Could Ppk (Overall capability) be lower than the lowest Cpk (sample capability)?

notneo

Registered
Is that because it is considered proprietary, or because you cannot find an option to upload it? If the former, can you add/subtract a constant to all the data so it anonymizes the data? If the latter, once you make a total of 5 posts, you will be able to upload files.
Its the former. I will prepare the data and try to upload.
 

Bev D

Heretical Statistician
Leader
Super Moderator
Here is a bit more in-depth information on why “outlier tests” are not appropriate for capability studies of any kind. This is posted for you and other lurkers who will no doubt read this thread no or in the future…

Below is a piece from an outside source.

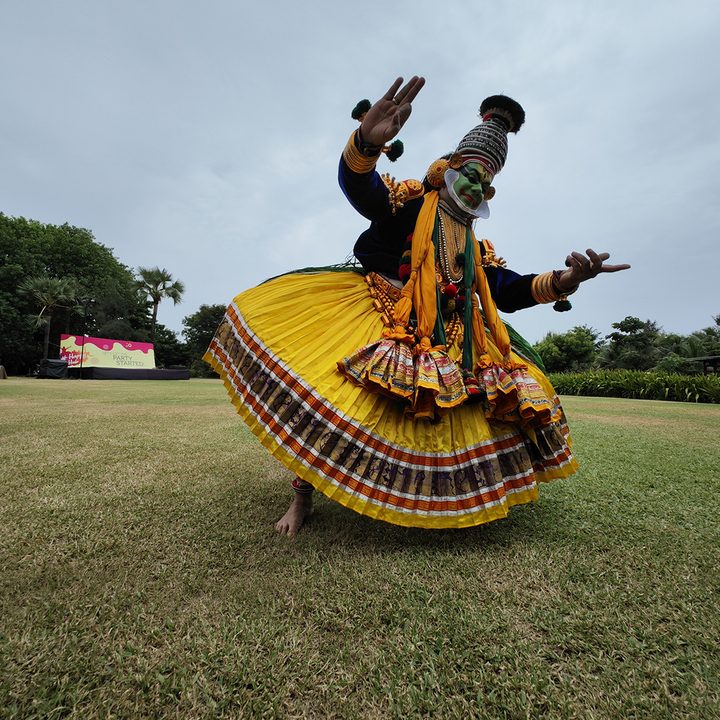 Classical Indian Kathakali dancer on grass captured with the Xiaomi 12S Ultra.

Remember that the aforementioned mentioned reason for outlier detection is to ‘signal’ that there may be (or may not be) an invalid result that is not real. If you can validate thru scientific knowledge and logic that the result is a typo, mis-reading, invalid test, impossible result etc. then that data point may be censored. if the result is real (it actually happened) you cannot censor it as it will occur in the future. remember too that most outlier detection formulas use 95% ‘fences’. This means that if you have 20 values, 5 of them will be beyond the fences, if you have a bell shaped distribution. If you have a skewed or uniform type distribution the number of values beyond the fences will be even greater, since most Outlier detection formulas are based on a theoretically Normal distribution. If your process actually looks like the diagram you posted (lot to lot variation being much larger than within lot variation ) you have a near uniform distribution. The outlier detection is only detecting values that are in fact real and ‘out there’.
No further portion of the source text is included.